● **EXERCISE BRIEF**
Identify each line in the records below that contains the word "with", and copy it.

● **Dataset excerpts**
────────────────────

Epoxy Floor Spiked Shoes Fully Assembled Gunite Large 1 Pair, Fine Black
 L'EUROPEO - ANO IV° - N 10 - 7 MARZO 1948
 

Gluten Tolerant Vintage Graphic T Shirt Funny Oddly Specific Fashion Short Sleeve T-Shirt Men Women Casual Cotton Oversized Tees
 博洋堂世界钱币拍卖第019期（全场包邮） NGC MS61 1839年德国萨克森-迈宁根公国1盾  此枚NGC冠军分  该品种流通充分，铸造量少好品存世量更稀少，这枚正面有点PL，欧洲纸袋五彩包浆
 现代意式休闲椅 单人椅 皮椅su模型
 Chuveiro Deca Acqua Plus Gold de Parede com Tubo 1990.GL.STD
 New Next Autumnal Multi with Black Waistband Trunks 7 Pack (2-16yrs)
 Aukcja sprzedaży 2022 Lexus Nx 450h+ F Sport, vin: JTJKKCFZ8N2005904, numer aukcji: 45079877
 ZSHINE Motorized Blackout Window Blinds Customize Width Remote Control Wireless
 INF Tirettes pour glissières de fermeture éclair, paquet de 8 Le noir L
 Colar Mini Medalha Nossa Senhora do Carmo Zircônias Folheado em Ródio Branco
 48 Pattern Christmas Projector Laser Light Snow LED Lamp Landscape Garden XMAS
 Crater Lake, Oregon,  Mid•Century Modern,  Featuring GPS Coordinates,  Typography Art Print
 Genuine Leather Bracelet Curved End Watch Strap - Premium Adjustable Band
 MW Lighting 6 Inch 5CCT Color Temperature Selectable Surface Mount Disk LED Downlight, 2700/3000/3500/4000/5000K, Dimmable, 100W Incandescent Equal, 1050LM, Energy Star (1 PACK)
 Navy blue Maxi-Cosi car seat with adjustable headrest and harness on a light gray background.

────────────────────

● **TASK RESULT**
 New Next Autumnal Multi with Black Waistband Trunks 7 Pack (2-16yrs)
 Navy blue Maxi-Cosi car seat with adjustable headrest and harness on a light gray background.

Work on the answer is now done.